Setelah hampir tiga bulan berpikir dan merenung, dengan berat hati aku memutuskan untuk berhenti mengajar. Aku pun mulai menghubungi murid-muridku satu per satu.
“Iya, maaf, Ce. Aku ada pekerjaan lain yang jadwalnya bentrok dengan jam mengajar Vika,” ucapku kepada mama Vika, salah satu orang tua muridku.
“Memang tidak bisa ya, Kak, diselipin gitu? Pasti Vika sedih banget. Selama ini dia selalu nyaman kalau diajarin kamu,” jawab mama Vika dengan nada memohon.
“Ini sementara kok, Ce.
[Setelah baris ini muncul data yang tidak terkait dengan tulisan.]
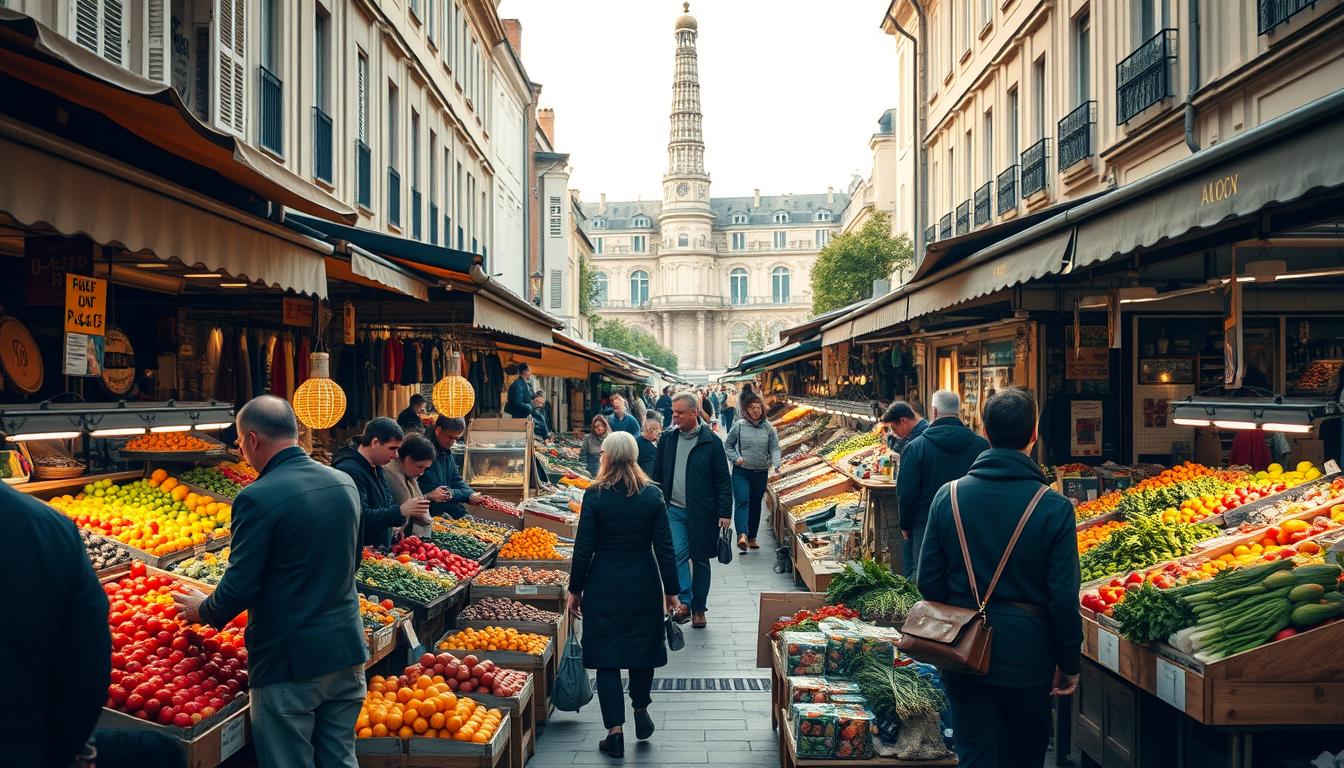 mercado de trabalho na França
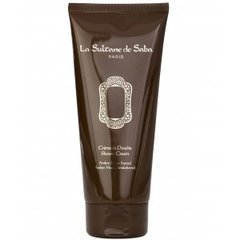 Крем-гель для душа La Sultane de Saba Amber Musk Sandalwood Shower Cream, 200 мл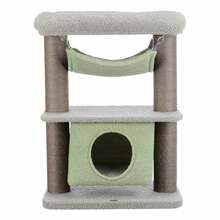 Kasside kraapimispost Trixie Lunito Junior, 71 cm, hall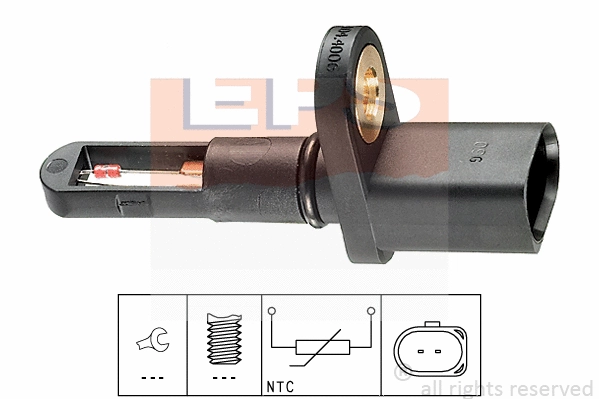 Sensor, intake air temperature (EPS-1994 006)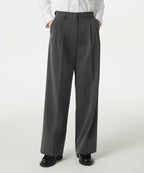 MUSINSA STANDARD WOMAN MUSINSA STANDARD WOMAN Slacks Medium Gray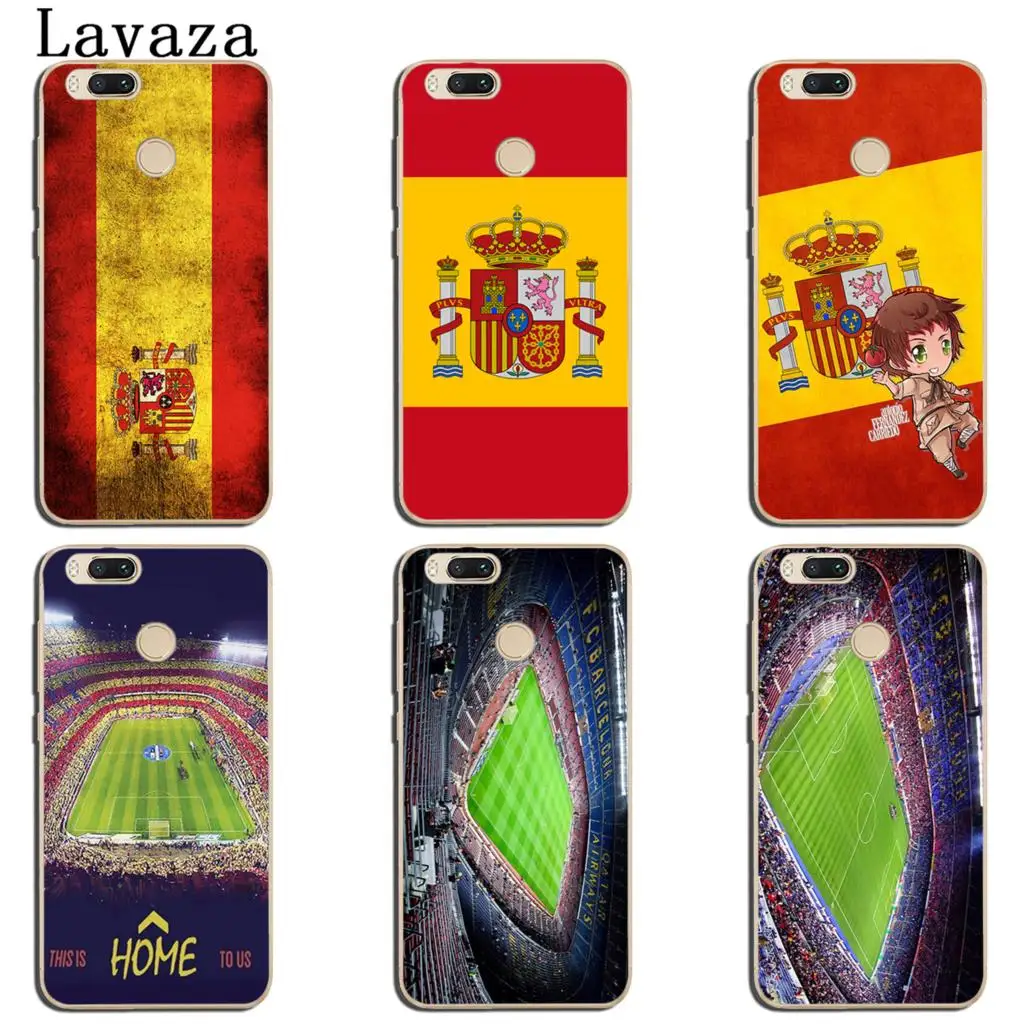Чехол для телефона Lavaza Spain flag camp nou Xiaomi MI 9 9T CC9 CC9E A3 Pro 8 SE A2 Lite A1 pocophone f1 5X 6 6X MAX 3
Semoga Vika bisa sabar ya. Aku juga berharap bisa kembali mengajar nanti,” jawabku, menyisipkan harapanku sendiri—suatu hari bisa kembali mengajar dengan bahagia, tanpa beban dan ketakutan.
Aku tahu mama Vika kecewa, dan aku pun merasakan hal yang sama. Tapi, memilih untuk melepaskan adalah bagian dari latihan melepaskan kemelekatan—melepas sesuatu yang selama ini mungkin aku banggakan. Satu per satu murid kupamiti. Meski ada perasaan kehilangan, bukan hanya soal finansial, tetapi juga kehilangan sesuatu yang selama ini terasa seperti bagian dari diriku. Namun, ada juga rasa lega yang sulit dijelaskan, seolah-olah aku sedang memberi ruang bagi diriku sendiri untuk beristirahat.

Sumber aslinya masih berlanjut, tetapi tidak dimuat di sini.